Task material
^^^^

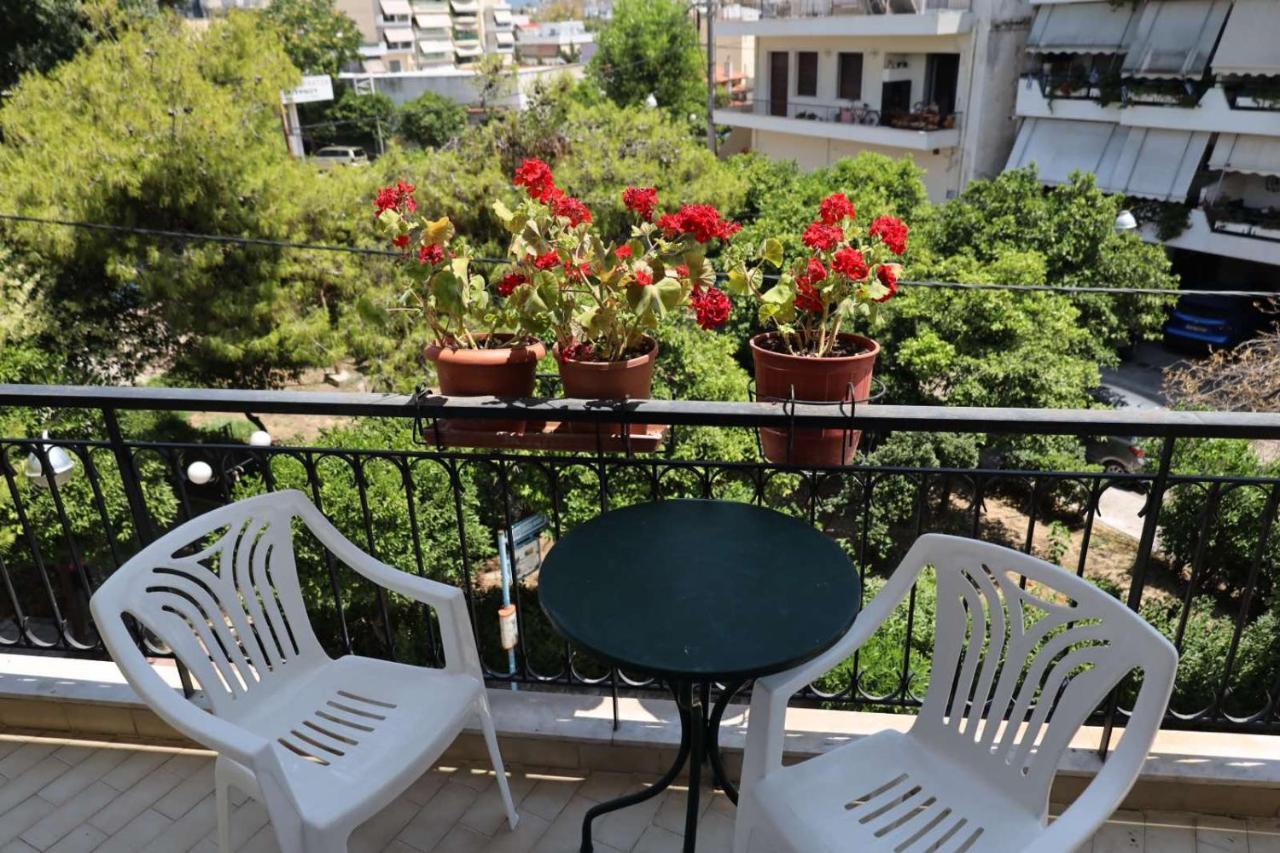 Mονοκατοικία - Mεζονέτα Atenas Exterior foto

^^^^

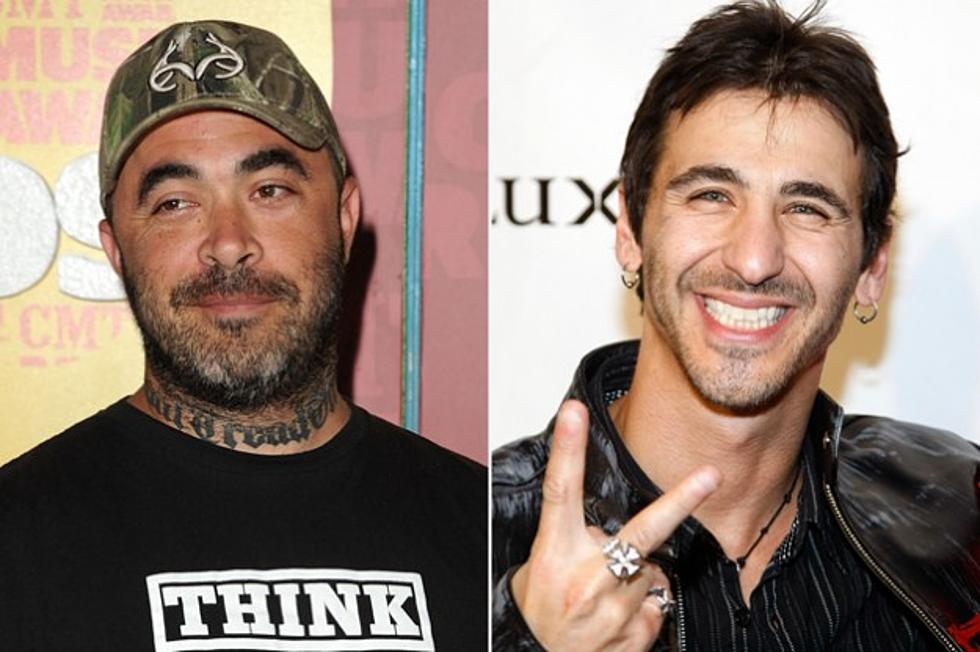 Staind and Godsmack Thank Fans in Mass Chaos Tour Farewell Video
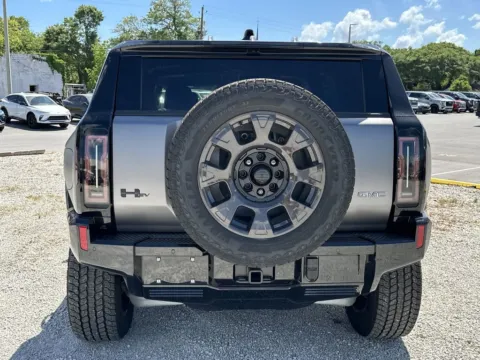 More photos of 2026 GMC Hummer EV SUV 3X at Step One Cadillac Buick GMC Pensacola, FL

^^^^

Instructions to follow
Only the lines between the one with "Staind and Godsmack" and the one with "More photos of", those two included, get copied from the material above. Keep it exact and free of pictures.

Output of the exercise
 Staind and Godsmack Thank Fans in Mass Chaos Tour Farewell Video
 More photos of 2026 GMC Hummer EV SUV 3X at Step One Cadillac Buick GMC Pensacola, FL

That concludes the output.